May 1, 2012 5:11 AM
May 1, 2012 -- For postmenopausal women who are overweight or obese, new research offers more incentive to start shedding pounds.
According to a study published in the journal Cancer Research, losing even a small proportion of your overall body weight significantly reduces inflammation in your body and potentially lowers your risk of developing several different types of cancer, including breast cancer.
"I think the main issue is body fat," researcher Anne McTiernan, MD, PhD, director of the Prevention Center at the Fred Hutchinson Cancer Research Center in Seattle, writes in an email to WebMD. "The more fat one has, the more inflammation-producing cells there are, and therefore the more inflammation ... produced and sent into the bloodstream."
For the year-long study, McTiernan and her colleagues recruited 439 women throughout the greater Seattle area who were between the ages of 50 and 75. All of them had a body mass index (BMI) of 25 or higher, which meant that they were all considered overweight or obese. They were otherwise considered healthy, with no history of breast cancer, heart disease, diabetes, or other serious illness. None of them were smokers or heavy drinkers.
The women were split into four groups. The first group dieted, eating between 1,200 and 2,000 calories a day, of which less than 30% were fat calories. The second group exercised 225 minutes per week, both at home and under supervision at a gym. The third group both dieted and exercised. The fourth, the comparison group, did not change either their diet or exercise habits.

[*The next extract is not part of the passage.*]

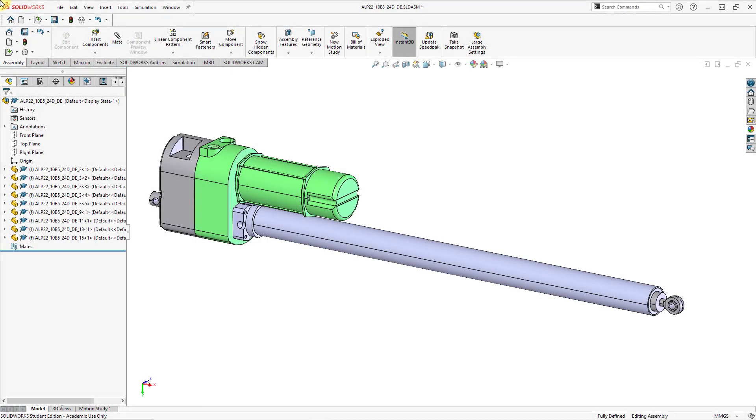In both SOLIDWORKS and Creo Parametric, you can create mechanisms. Those are assemblies that have components capable of motion. In an earlier video two or three years ago, I showed how to create a slider connection in Creo Parametric. That is a component with one translational degree of freedom. Let's take a look at how to do the same thing in SOLIDWORKS, then I'll remind you how to do it in Creo Parametric.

After a year, the first and third groups had lost an average of 8.5% and 10.8% of their body weight, respectively. Their reductions in inflammation were even more dramatic.
For example, C-reactive protein levels -- elevated levels of which have been associated with lung and colon cancer -- dropped by an average of 36.1% for the diet group and 41.7% for the diet and exercise group. Other inflammatory indicators dropped as well.
The key to this study's result, says McTiernan, was diet, especially when combined with exercise. "Very few people can lose significant amounts of weight from exercise alone. We've done several year-long studies testing exercise alone, even large amounts up to an hour a day, and on average it produces about 3 to 4 pounds of weight loss over the year," she says. "That being said, our strongest effects were primarily in the combined diet and exercise program."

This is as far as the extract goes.